Quizás, cuando se habla de sueños, toca lanzar un ancla a tierra, un ancla que vuelva a colocar nuestros pies en esta parte del mundo donde habitan las esperanzas. Y si tenemos suerte, podremos encontrarnos con Fernando Pérez en esa suite donde guarda los sueños de su Habana que también es la nuestra.
Suite Habana es uno de los filmes más laureados del director cubano. Estrenado en el año 2003, la película/documental supone una de las grandes muestras cinematográficas del país. La trama gira en torno a la búsqueda de la felicidad como satisfacción personal, y en este sentido llama la atención cómo un tema tan trillado irrumpe con tal descaro que deja en la estocada cualquier intento de igualar el filme.

A lo largo de los años, los cineastas cubanos han enfocado las cámaras en la crítica social, logrando así una homogeneidad palpable en la pantalla. Ahora bien, ¿qué factores convierten Suite Habana en un filme novedoso y esperanzador?
La dirección de fotografía, a cargo de Raúl Pérez Ureta, logra colocar la imagen en el papel protagónico que le ofrece Fernando Pérez. Amanece una Habana silenciosa cuyo paisaje no calla a lo largo de los 84 minutos.
Si el investigador Umberto Eco intentara hacer un análisis semiótico del filme, seguramente enloquecería luego de la primera media hora, pues si algo no falta en la pantalla, son los simbolismos. Desde la imagen de la bandera cubana, pasando por la música, hasta llegar a los espejuelos de Lennon, convierten Suite Habana en un paraíso para las mentes.

Temas como la migración, la transexualidad, el arte, la cotidianidad y la vejez, hilvanan un guion excepcional donde no se extraña el diálogo. Las contradicciones son varias, pero la más llamativa resulta el binomio realidad-ilusiones, esbozando así una Habana plagada de inopias.
Quizás el filme difiere de sus homólogos porque, en primer lugar, fue pensado como un documental, o simplemente la creatividad de su director superó las expectativas de la crítica con una propuesta tan arriesgada. Su narrativa, prácticamente plana, logra el objetivo que se esconde tras un clímax no perceptible.
Gráficamente se esboza un diseño de imagen fenomenal donde el cromatismo y lo visual afloran con naturalidad.

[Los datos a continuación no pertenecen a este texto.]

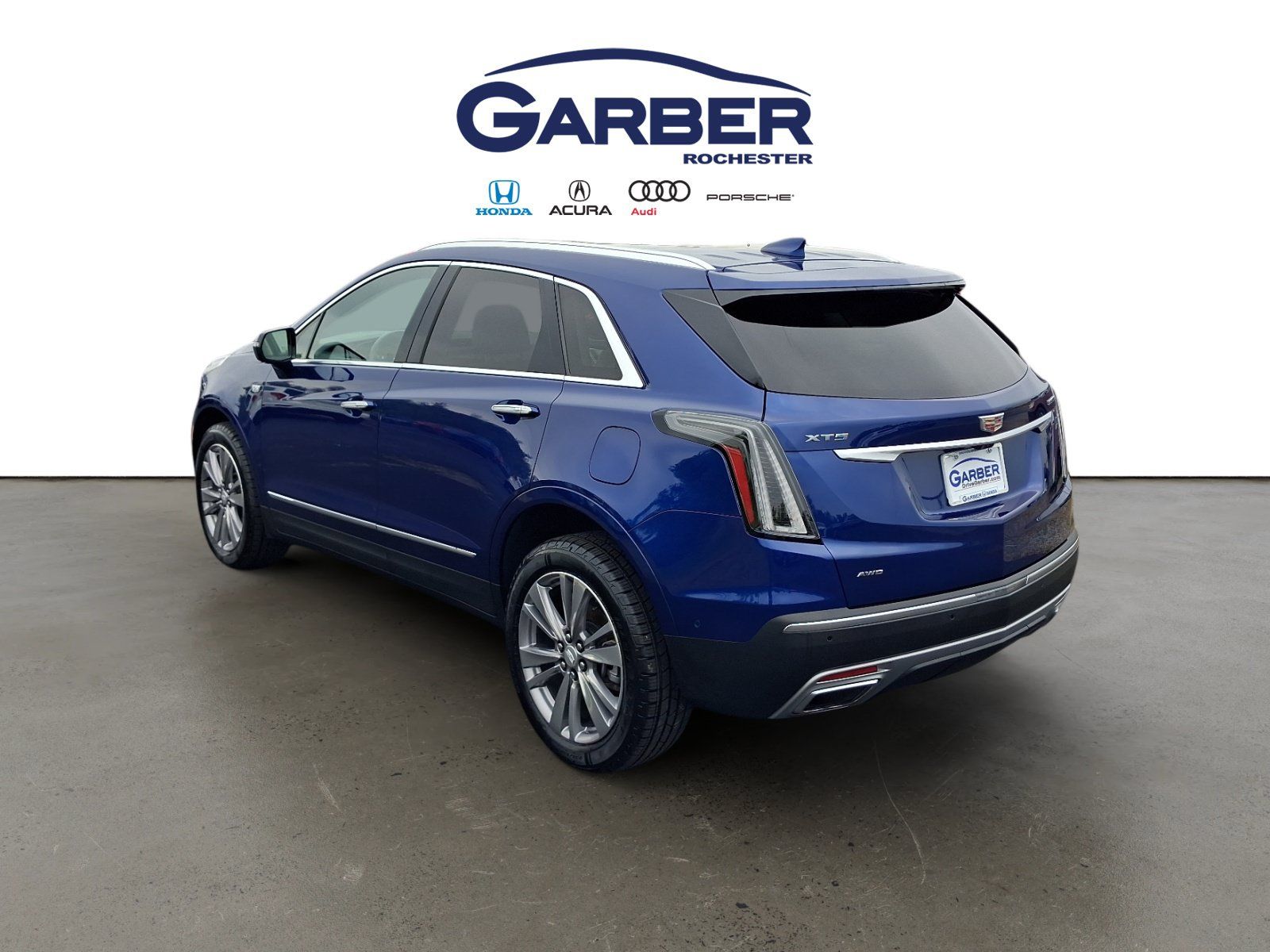 Used 2023 Cadillac XT5 Premium Luxury w/ Technology Package AWD/4WD image 3
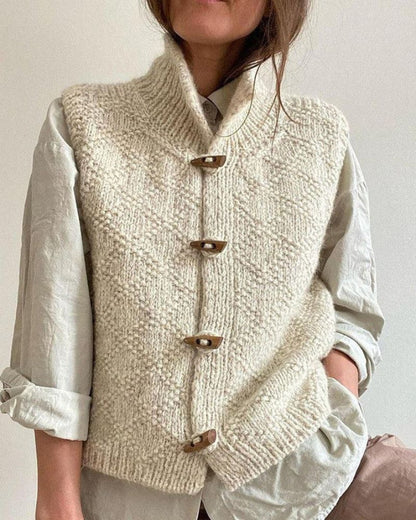 Women's beige chunky knit sleeveless cardigan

Las escenas en la mañana tienen la claridad necesaria para evidenciar de manera precisa la imposición de sucesos, mientras el atardecer se muestra con un toque más reflexivo y melancólico. Y la noche, la noche es el escenario perfecto para que los personajes brillen, para que la luz emerja ante los ojos expectantes: he aquí el punto de giro de la maravillosa puesta en escena.
Por ello, los sueños de Francisquito se cumplen bajo el manto de la luna, pues con ella aflora la felicidad para los diversos personajes. Excepto Amanda, para Amanda no hay felicidad, la suya la metió en un cucurucho de maní que seguramente se fue en manos de cualquier transeúnte. Amanda transforma lo que en algunas ocasiones puede parecer un largometraje desgarrador y melancólico en la pizca de esperanza que se necesita para afrontar la cotidianidad, para decir «yo no quiero eso ».
¿El personaje central? Lennon. Lennon tiene su propia suite en la vida de los habaneros, una suite con vistas a las almas, que tienen la clave al distante mundo de los soñadores en sus pupilas de bronce.

¿Realidad? ¡Qué término tan complejo! ¿Quién pudiera desentrañar los silencios del hombre o de la mismísima tierra? Seguramente, al terminar la película los espectadores, en esa fracción de sueños, frustraciones y felicidad, dejarán escapar una que otra nostalgia.
Me quedo con la música, tan oportuna que convierte una simple reflexión en el más confuso de los cuestionamientos. Caminar, ¡qué bello sería caminar y observar! Seguramente nuestras calles tendrían el mismo romanticismo que La Habana de Fernando, una Habana compleja en sus múltiples realidades donde los sueños caminan sin ser vistos, donde los hombres caminan, sin más.